Eurovision Dance Contest
Splash Media / Sunset + Vine for BBC One, 1 September 2007 and 6 September 2008
Eurovision Dance Contest is a competition between dancers representing their countries. The format of the contest is simple: each of the competing countries sends a pair of dancers (one man, one woman). Each couple will dance twice, the first is a formal dance (ballroom or Latin) and the second a free-form dance that somehow reflects the national character of the competing country. This can be as clear as using a traditional Irish or Greek dance, or as weak as flashing the country's flag during the performance.
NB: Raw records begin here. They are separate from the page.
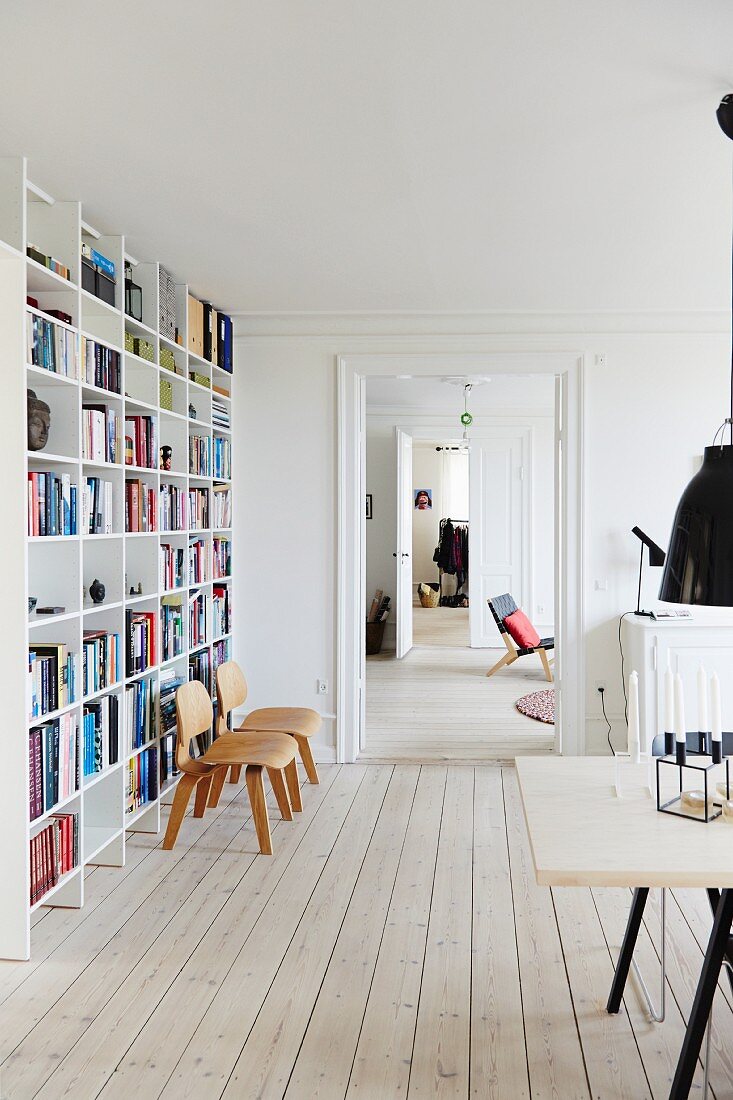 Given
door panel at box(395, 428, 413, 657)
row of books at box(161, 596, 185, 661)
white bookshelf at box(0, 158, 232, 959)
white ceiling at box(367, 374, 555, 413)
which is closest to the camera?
white bookshelf at box(0, 158, 232, 959)

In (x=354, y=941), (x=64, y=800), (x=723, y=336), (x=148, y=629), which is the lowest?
(x=354, y=941)

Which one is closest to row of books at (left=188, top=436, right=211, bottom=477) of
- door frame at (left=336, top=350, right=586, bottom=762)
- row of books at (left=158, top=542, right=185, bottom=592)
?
row of books at (left=158, top=542, right=185, bottom=592)

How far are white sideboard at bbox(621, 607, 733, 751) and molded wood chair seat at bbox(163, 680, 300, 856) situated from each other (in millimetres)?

The contest built from the success of the Strictly Come Dancing format, and the BBC staged the first two events. The 2007 competition took place in a studio at Television Centre, and allowed countries to nominate whoever they wished - the Finnish winners were two professional dancers. As had become traditional at Eurovision events, the viewers were able to determine the winner through televoting and (outside the UK) SMS voting. The scoring system was the traditional 12-10-8-to-1.
2008's event was held at the Scottish Exhibition and Conference Centre near Glasgow, and introduced a rule that only one of the competing couple should be a professional dancer, the other must be known for something else. It's aimed at bringing in national celebrities, tightening the format's links to Strictly.... That year's contest also introduced an international jury, made up of International Dance Sport Federation experts from non-competing countries. Their votes were weighted to the equivalent of four countries.
Additionally, the two dances were merged after the competitors all did one of about four ballroom/Latin dances last year to a single freestyle dance which contained ballroom/Latin elements and some form of national flavour, although both aspects seem very loosely defined. This created a wider variety of dance styles, and a surprising array of 'fusion' dances. It also introduced what may become the contest's equivalent of the Song Contest's arbitrary key change - The arbitrary dance style change (...And, in some cases, backing music change)
Unlike the predecessor Eurovision Young Dancers contest, and the Junior Eurovision Song Contest, the BBC found this was a perfect format for Saturday primetime, and the two shows aired on BBC1. The rest of Europe marched to a different drum, and the show was quietly dropped after two years.